The problem: In the entries that follow, the lines from the line containing "Gold-Toned Metal Crossbody" up to and including the line containing "Reply modern abstract" must be copied exactly, with pictures omitted.

Exercise input:
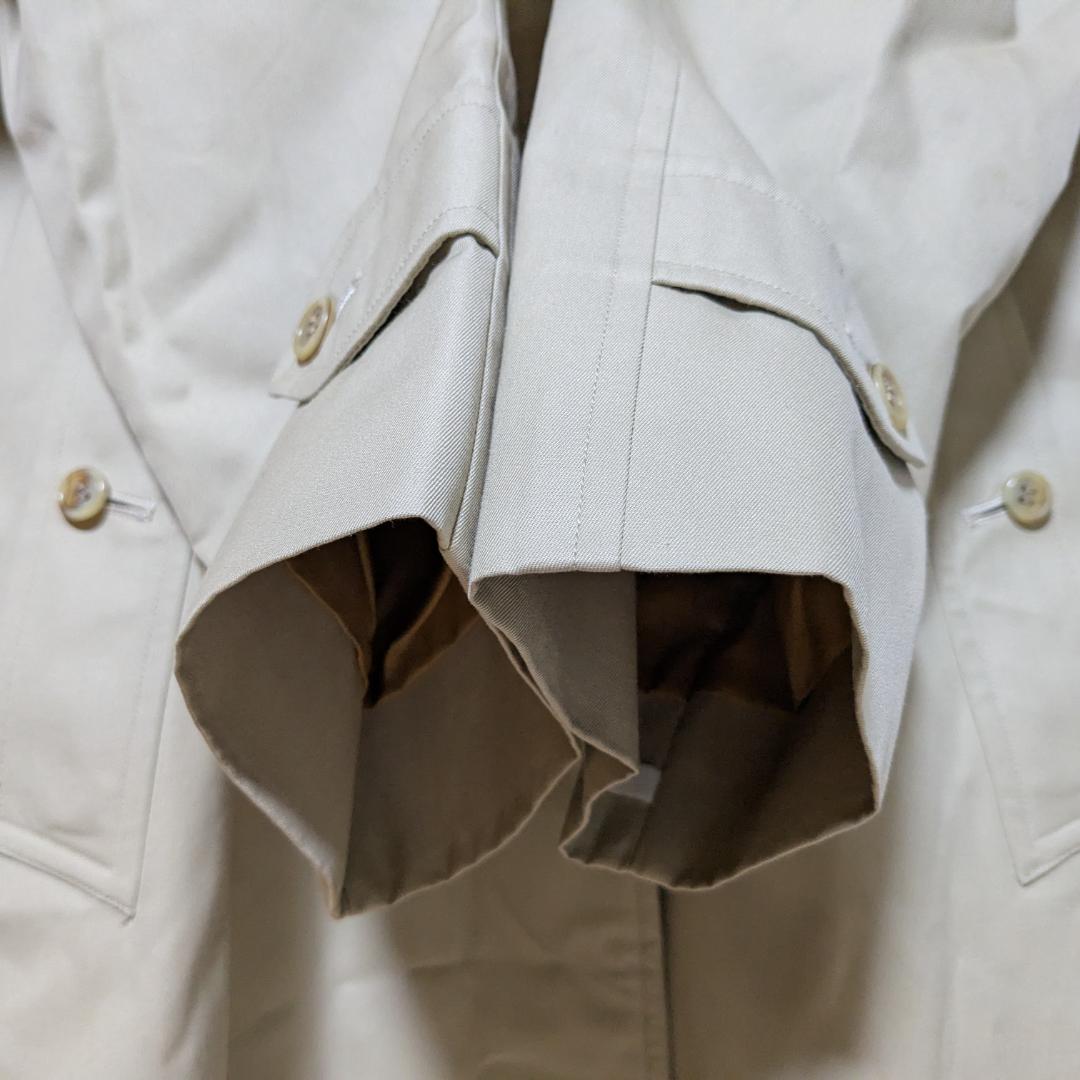 美品 80～90s バーバリー ステンカラーコート レディース 白タグ 21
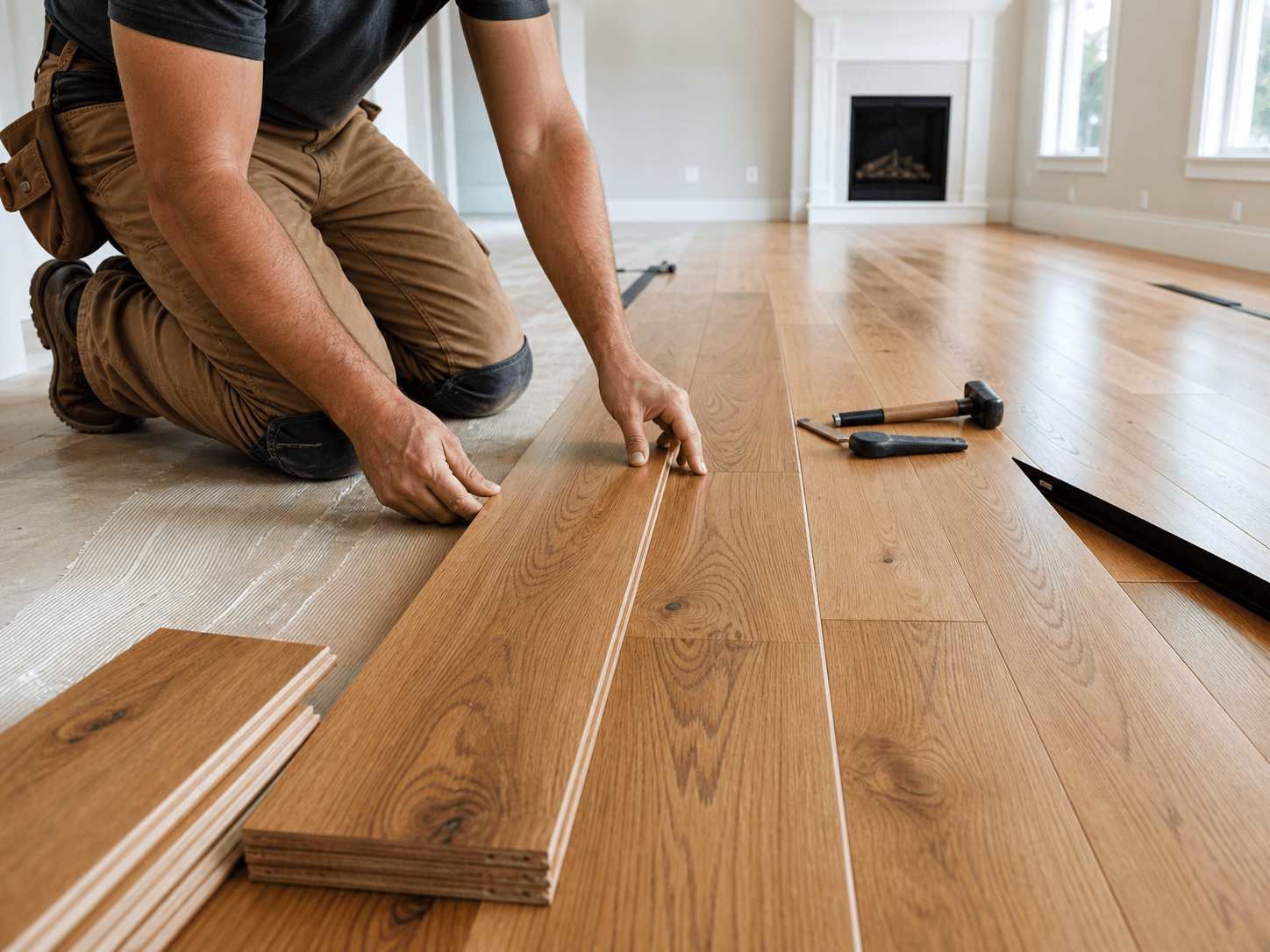 Hardwood flooring installation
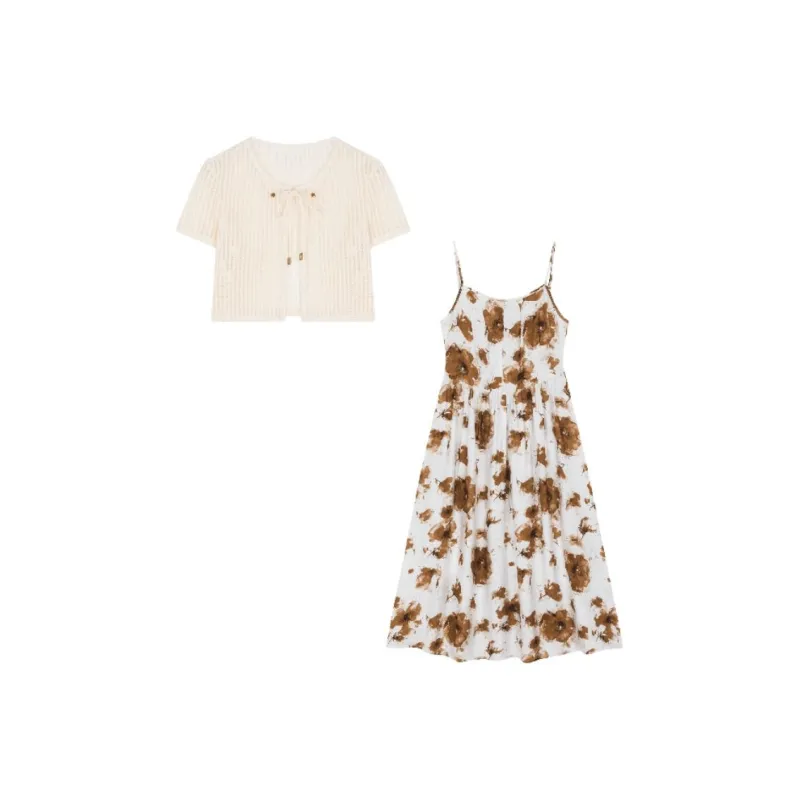 Mo Han Yi Mei Skirt Set Women's Multicolor-0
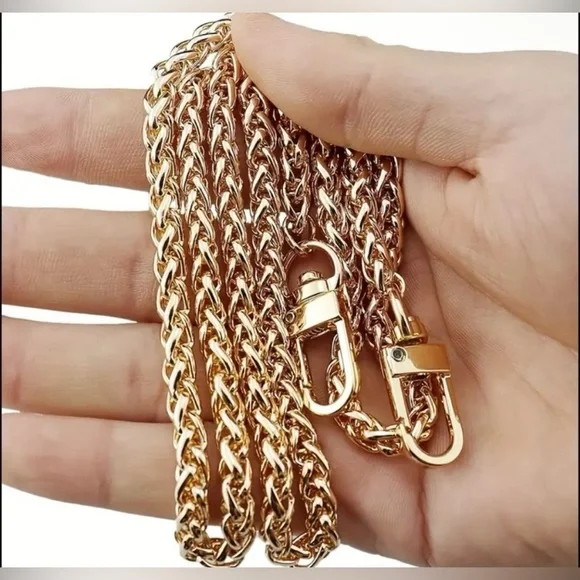 Gold-Toned Metal Crossbody Replacement Chain • NWOT - Picture 3 of 4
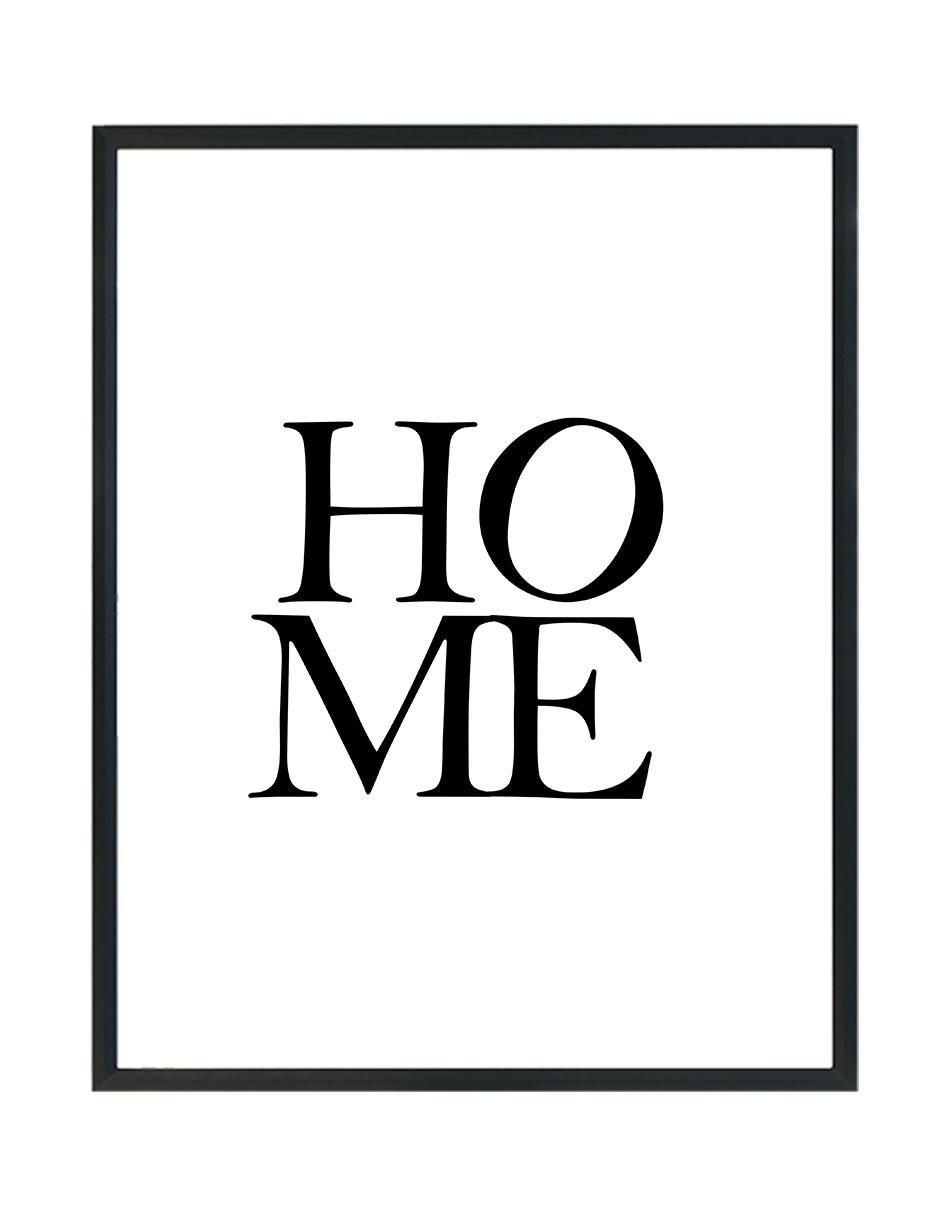 Cuadro decorativo Home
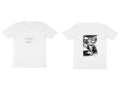 Cloud Dreamer Tee – Poem front, sketch back – White (front and back)
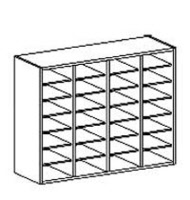 Aufsatzschrank Kleinfächer 21 und 28 Kleinfächer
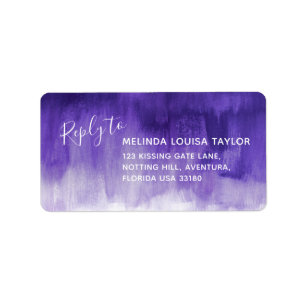 Reply modern abstract art wedding address labels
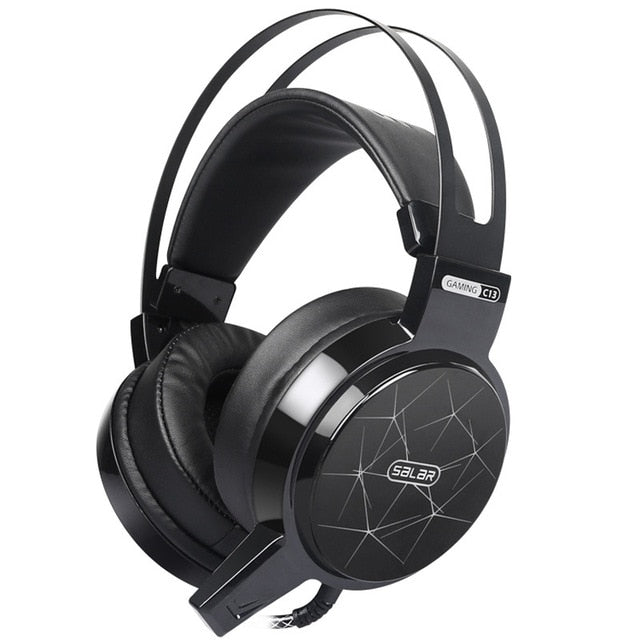 ihens5 Salar C13 Gaming Headset Deep Bass Game Headphone Best casque Gamer with Microphone LED Light Headphones for Computer PC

Your solution:
 Gold-Toned Metal Crossbody Replacement Chain • NWOT - Picture 3 of 4
 Cuadro decorativo Home
 Cloud Dreamer Tee – Poem front, sketch back – White (front and back)
 Aufsatzschrank Kleinfächer 21 und 28 Kleinfächer
 Reply modern abstract art wedding address labels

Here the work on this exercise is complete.